The French Football 75% tax situation explained

We aim to provide some clarity regarding what exactly it is that clubs in France’s top two divisions are protesting about between the 30th of November and the 2nd of December by refusing to play matches over that period of time. 

What exactly is the 75% tax and who is affected?  

Francois Hollande’s government have proposed a tax on any individual who is paid by a small to medium sized business over €1m worth in wages per year.

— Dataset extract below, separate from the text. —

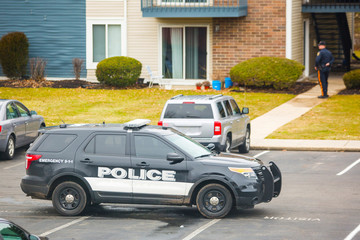 Police car parked in neighborhood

This tax of 75% would apply if:

a) the company is registered in France


b) If the individual is a French citizen

Who will it affect in the French football industry?

The LFP, which is the governing body of Ligue 1 and Ligue 2 conducted some research into the matter and they discovered that:

115 players, 8 coaches and 14 clubs will be affected by this supertax.

What are the taxes already in place?

At the moment, if a footballer playing in France is paid €1.8m a year, he actually only earns €710k after tax.

However, in Monaco if a non-French player is paid €1.8m a year, he earns €1.7m of that after tax.

But, if the player is French and plays for Monaco then if he is paid €1.8m a year, he earns only €710k of that after tax.

On top of this, the actual cost for a club paying a footballer €1.8m a year is €2.3m, because the clubs themselves are forced to pay an additional tax before the money actually reaches the hands of the individual.

A survey done by 15 of the 20 Ligue 1 clubs indicates that the proposed 75% will force them to spend an extra €44m.

How does that compare with the rest of European football? 

If we use the example that a club is paying the footballer €1.8m a year:

In France they actually earn: €710k

In Germany: €883k

In Italy: €964k

In the UK: €886k

In Spain: €880k

Remember this is without taking the proposed 75% tax into consideration.

The above figures are correct up to March 2012. This investigation that was conducted by the UNFP.

What are French football clubs doing about it?

All Ligue 1 and Ligue 2 clubs unanimously voted to boycott all scheduled football matches between the 30th November and the 2nd December in protest of Francois Hollande’s proposition.

Next Thursday afternoon, a delegation of representatives consisting of member of the FFF, LFP and Presidents of Ligue 1 and Ligue 2 clubs will meet with Francois Hollande at the Elysee to discuss the potential affects should the 75% tax law go ahead.